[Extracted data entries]

::::::::::

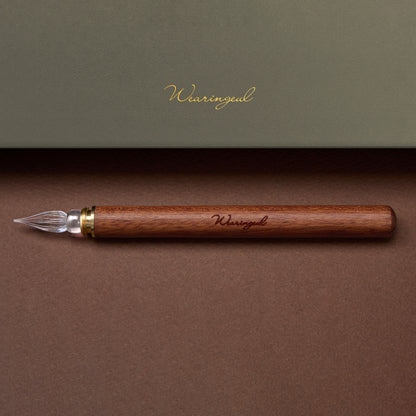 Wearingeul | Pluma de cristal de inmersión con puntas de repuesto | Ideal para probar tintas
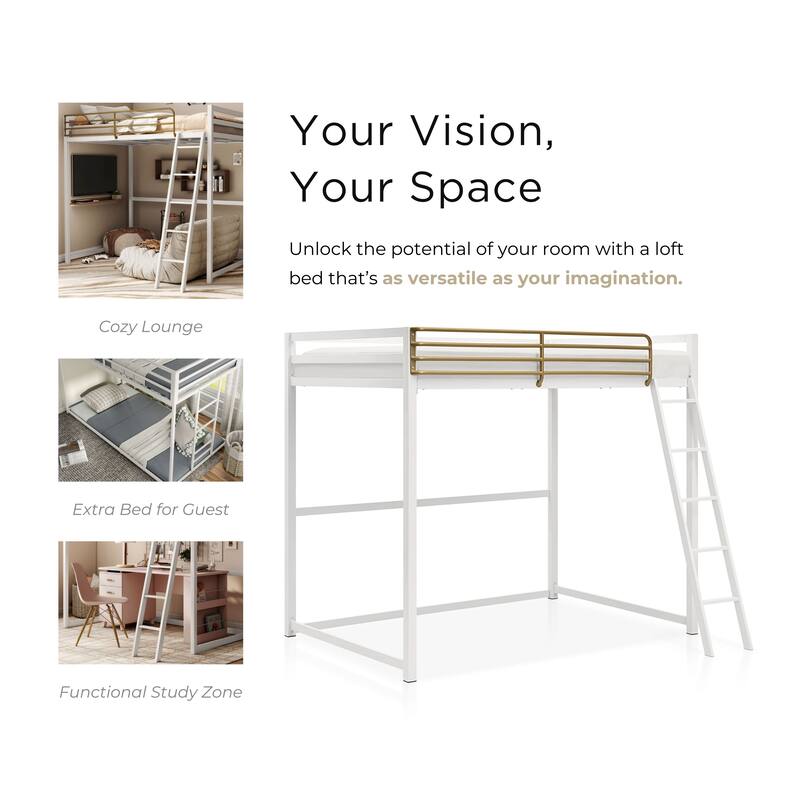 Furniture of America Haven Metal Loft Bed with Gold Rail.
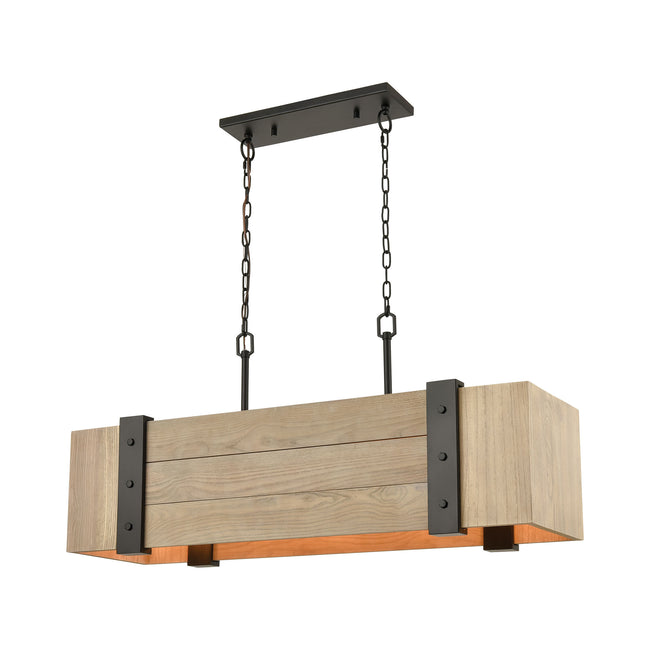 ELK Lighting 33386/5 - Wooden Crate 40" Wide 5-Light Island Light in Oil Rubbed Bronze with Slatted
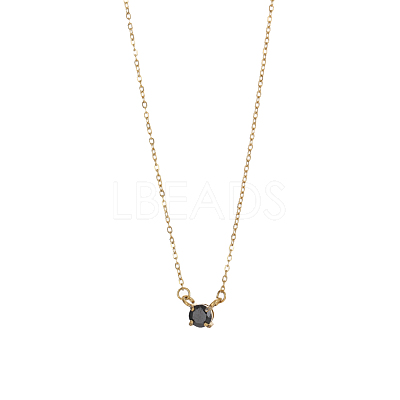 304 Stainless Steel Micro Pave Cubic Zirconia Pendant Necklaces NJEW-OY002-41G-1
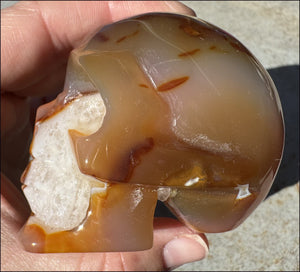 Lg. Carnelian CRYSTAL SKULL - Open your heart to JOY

::::::::::

Instructions for the task ▸ The required output is an exact copy of the lines from the one with "Furniture of America" through the final line of the data above, with pictures removed.

Task solution ▸
 Furniture of America Haven Metal Loft Bed with Gold Rail.
 ELK Lighting 33386/5 - Wooden Crate 40" Wide 5-Light Island Light in Oil Rubbed Bronze with Slatted
 304 Stainless Steel Micro Pave Cubic Zirconia Pendant Necklaces NJEW-OY002-41G-1
 Lg. Carnelian CRYSTAL SKULL - Open your heart to JOY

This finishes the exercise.